Wildkameras im Datenschutz-Dschungel
Wildkameras sind heute schwerlich noch wegzudenken – kaum eine Kirrung ist noch ohne entsprechende Überwachung und für kleines Geld kann man sich im Fachhandel, ja selbst bei Discountern, eindecken – doch in jedem Dschungel lauert der Datenschutz!
Die Anwendungsbereiche in der freien Natur sind vielfältig – Jäger überwachen Kirrungen, Wechsel, Wildschadensflächen, Wildbrücken, Ansitzeinrichtungen, Fallen, Äsungsflächen u. v. m. Auch in der Forschung ist das Monitoring von Luchs, Wolf oder Wildkatze ohne Kameras kaum denkbar. Dazu ist es sinnvoll, vor dem Hintergrund der Afrikanischen Schweinepest heimische Sauenbestände zu überwachen.

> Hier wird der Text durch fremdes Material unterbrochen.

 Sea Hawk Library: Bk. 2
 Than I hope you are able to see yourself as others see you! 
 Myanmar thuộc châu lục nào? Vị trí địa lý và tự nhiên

Auch zur Verfolgung von Straftaten (Holzdiebstahl, Wilderei, Sachbeschädigung) können Kameras wertvolle Beweismittel liefern. Technische Varianten sind ebenso vielfältig wie Anwendungsbereiche – Einzelbilder, Videos, Einzelbilder mit anschl. Video, Funkübertragung und Infrarottechnik für Nachtaufnahmen.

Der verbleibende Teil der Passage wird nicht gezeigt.